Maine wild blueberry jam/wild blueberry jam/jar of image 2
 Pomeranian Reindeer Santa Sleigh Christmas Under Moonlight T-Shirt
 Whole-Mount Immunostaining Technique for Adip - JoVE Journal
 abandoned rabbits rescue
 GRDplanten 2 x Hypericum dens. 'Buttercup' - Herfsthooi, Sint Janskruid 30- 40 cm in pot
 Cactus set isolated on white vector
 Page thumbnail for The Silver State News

******************************

## Exercise details
Once you reach the line containing "Cactus set isolated on white vector", output that line and each one after it exactly, ending with the final line of the listing and adding nothing else.

## Task result
 Cactus set isolated on white vector
 Page thumbnail for The Silver State News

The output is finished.